$$\text{Let} \;
A =
\begin{bmatrix}
1 & 2 & 3\\
2 & 5 & 3\\
1 & 0 & 8\\
\end{bmatrix},\;
D =
\begin{bmatrix}
0 & 0 & 3\\
3 & 1 & 1\\
0 & 2 & 0\\
\end{bmatrix},\;
\text{and b =}
\begin{bmatrix}
21\\
9\\
-1\\
\end{bmatrix} $$
Determine whether the systems $A$x = b and $D$x = b are consistent or inconsistent. If consistent, solve the system.
I setup an augmented matrix [$A$|b] and found
$$\text{x =}
\begin{bmatrix}
-705\\
231\\
88\\
\end{bmatrix} $$
However, using this vector x, $D$x $\ne$ b.
Does this mean the system is inconsistent?
Best Answer
No. My response would be why do you think $D \mathbf x = \mathbf b$ would hold for the same $\mathbf x$ that makes $A\mathbf x=\mathbf b$ true?
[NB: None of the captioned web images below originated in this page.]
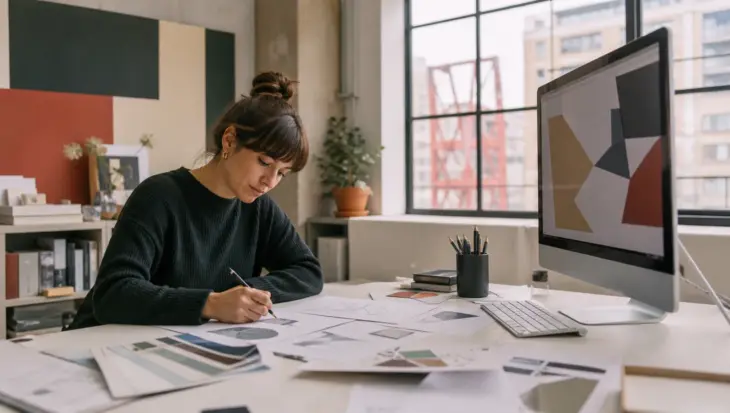 Diseñadora gráfica trabajando en su estudio de Bilbao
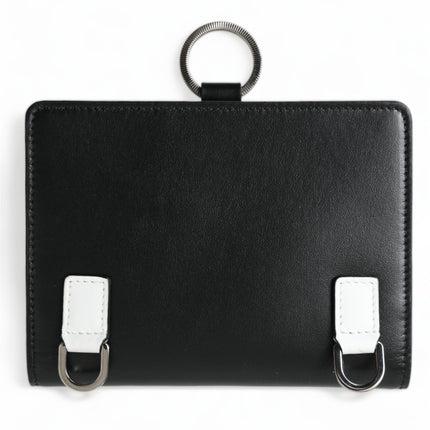 Dolce & Gabbana Black Leather Crystal Embellished Card Holder Wallet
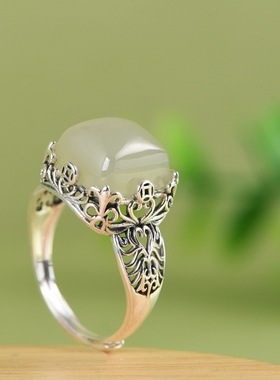 青玉戒指小众设计轻奢简约小方糖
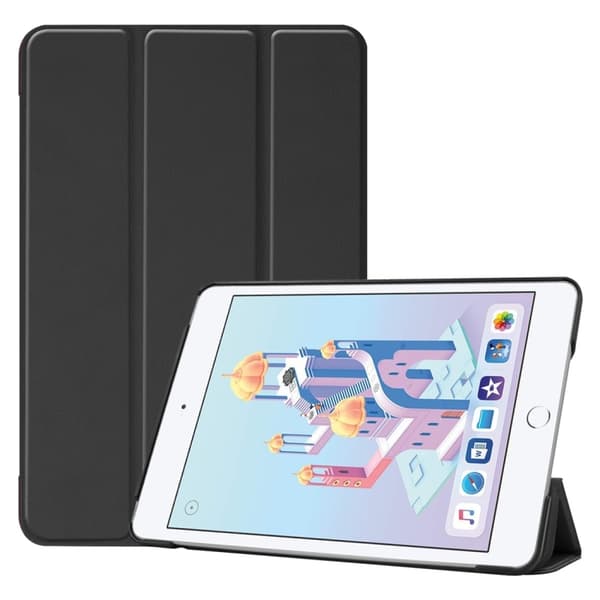 iPad Mini 4 Mini 5 Cover med Stativ, Beskyttende PU-lædercover til Arbejde og Videoafspilning, Sort
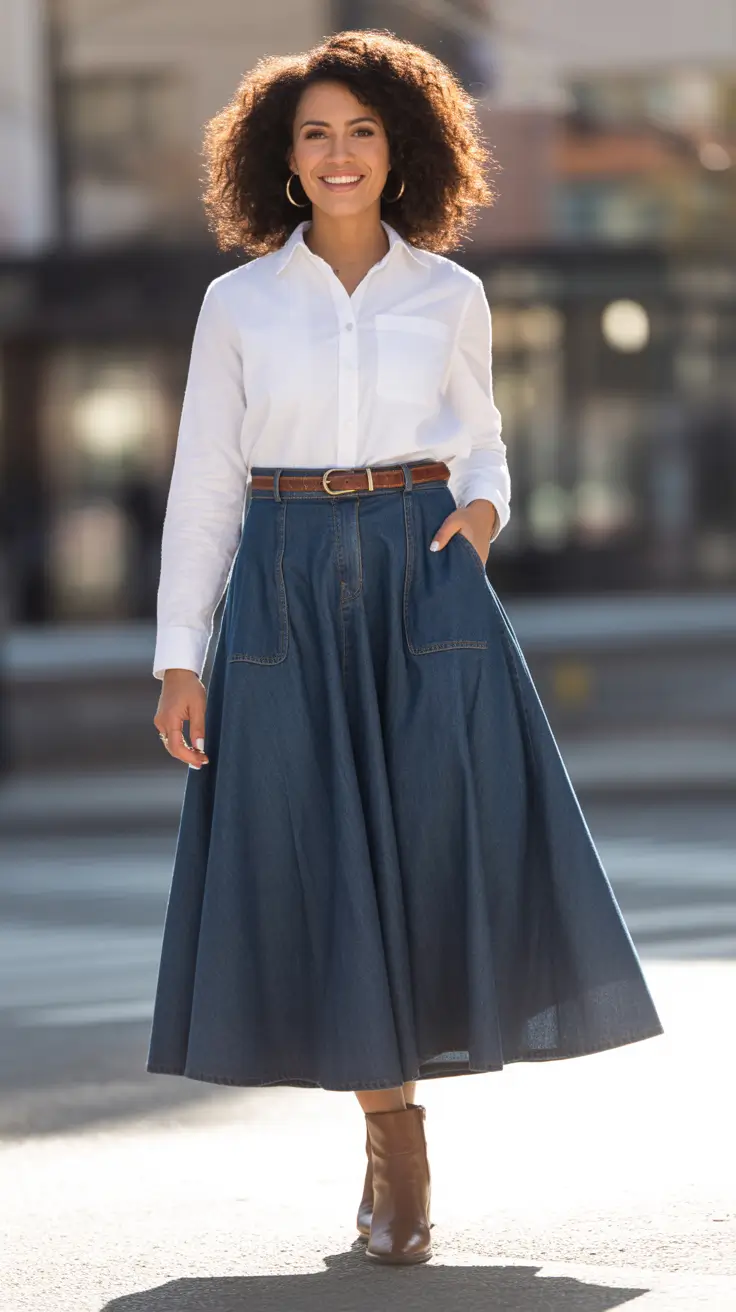 Chic modest outfits 2026 - White shirt and denim midi everyday classic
There are really two systems here: $A\mathbf x = \mathbf b$ and $D\mathbf x = \mathbf b$. The consistency of one has nothing to do with the consistency of the other.
A system is consistent if and only if it has at least one solution. So if you found a solution for the system $A\mathbf x = \mathbf b$, then the system is consistent. And you did find the right solution. Now turn your attention towards $D \mathbf x = \mathbf b$, keeping it completely separate from $A\mathbf x = \mathbf b$.